Während der direkte (nicht börsennotierte) Gewerbeimmobilienmarkt immer wieder für Schlagzeilen sorgt und teilweise viel Zeit braucht, die Bewertungen dem verändernden makroökonomischen Kontext anzupassen, wird der börsennotierte Immobilienmarkt an den globalen Börsen täglich neu bewertet und hat folglich zukunftsorientiert bereits auf die Anhebung der Zinsen und ihre negativen Auswirkungen auf den Wert der zugrunde liegenden Immobilien reagiert. Als Folge davon wurden REITs mit erheblichen Abschlägen gegenüber nicht börsennotierten Immobilienwerten gehandelt, da sie die Zinserhöhungen bereits eingepreist hatten. Eine Trendumkehr würde somit in erster Linie dem REIT-Markt zugutekommen.
Die US-Wohn-REITs (Bloomberg Residential REIT Index) zum Beispiel scheinen trotz der jüngsten Kursgewinne im Verhältnis zu den Immobilienpreisen auf dem Privatmarkt, die sich nach den neusten Transaktionen richten, immer noch unterbewertet zu sein.

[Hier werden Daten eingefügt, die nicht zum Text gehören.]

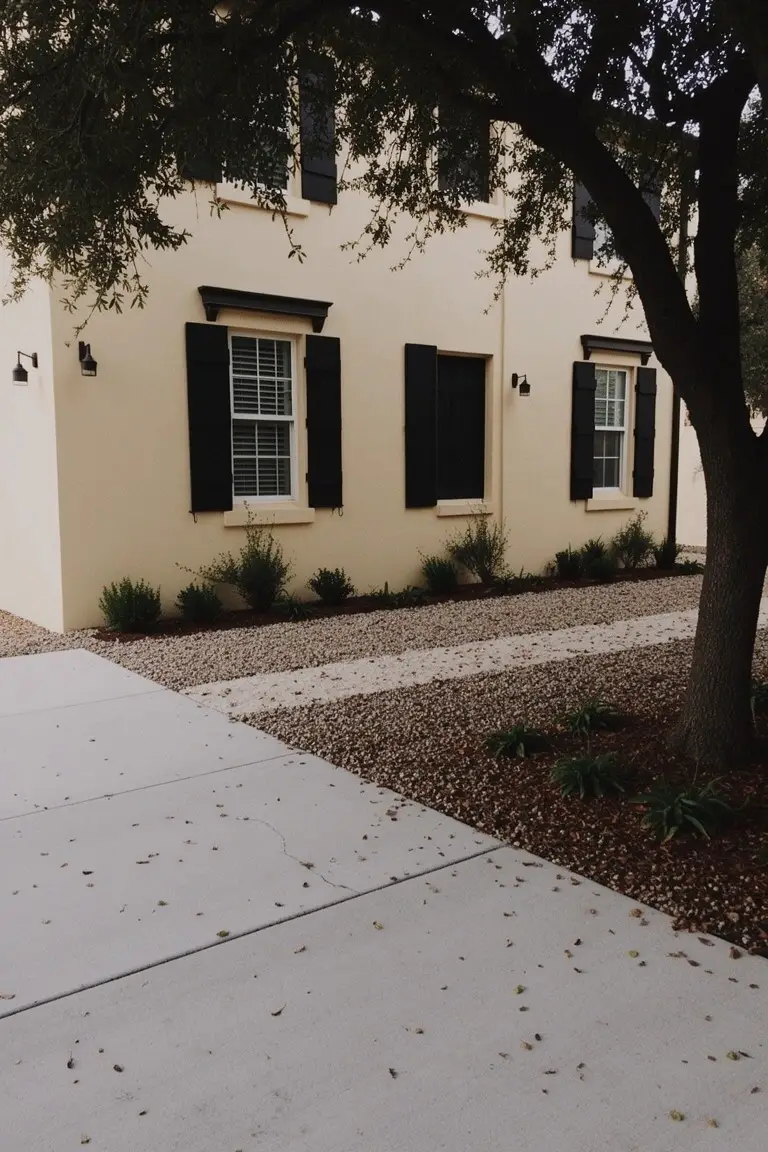 Ranch house exterior painted creamy beige with black shutters, white window trim, gravel walkway, and live oak tree
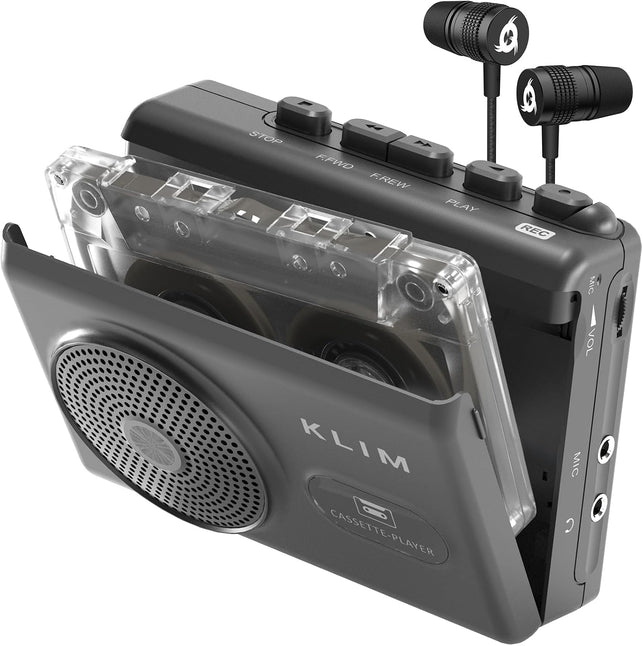 K9 Cassette Player with Earphones, Portable Recorder, Built-In Speaker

REITs mit Fokus auf Wohnungen werden derzeit mit einem Abschlag von rund 17% auf den geschätzten Nettovermögenswert (NIW) gehandelt, REITs mit Fokus auf Miet-Einfamilienhäusern sogar mit einem Abschlag von rund 20%. (Die bisherige Wertentwicklung ist kein Indikator für die zukünftige Wertentwicklung.)

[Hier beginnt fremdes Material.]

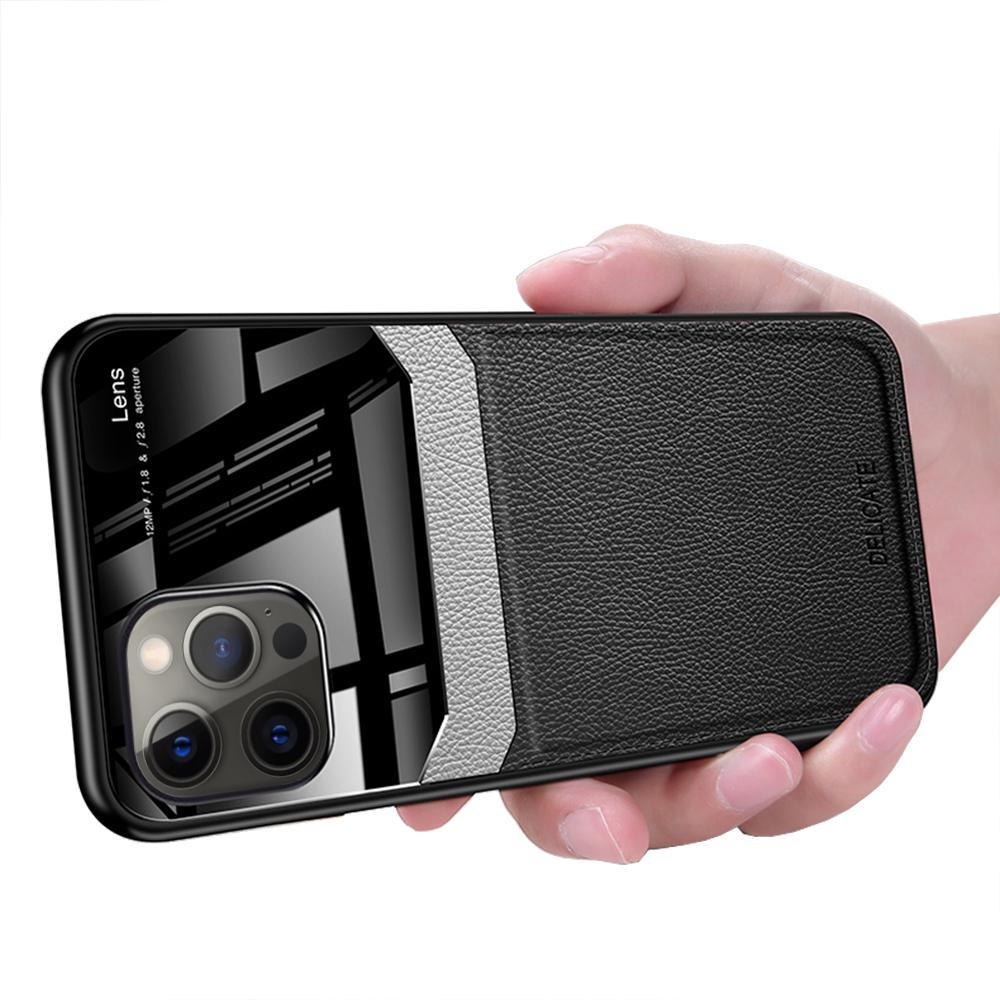 Custodia Per Iphone 12 / 12 Pro, Hybrid Tpu Bumper, Antiscivolo, Custodia In Pelle Con Texture Litchi E Protezione In Vetro Per Iphone 12 / Iphone 12 Pro Nero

Durchschnittliche Prämie/Abschlag auf den Nettoinventarwert (NIW) der Wohnimmobilien in den USA
Quelle: Bloomberg, Janus Henderson Investors, 31. Dezember 2023. Die bisherige Wertentwicklung ist kein Indikator für die zukünftige Wertentwicklung. NIW (Nettoinventarwert): Wert der Basiswerte der SCPI abzüglich Passiven. Prämie im Verhältnis zum NIW: der Preis der REITs ist höher als ihr NIW; Abschlag im Verhältnis zum NIW: der Preis der REITs ist tiefer als ihr NIW.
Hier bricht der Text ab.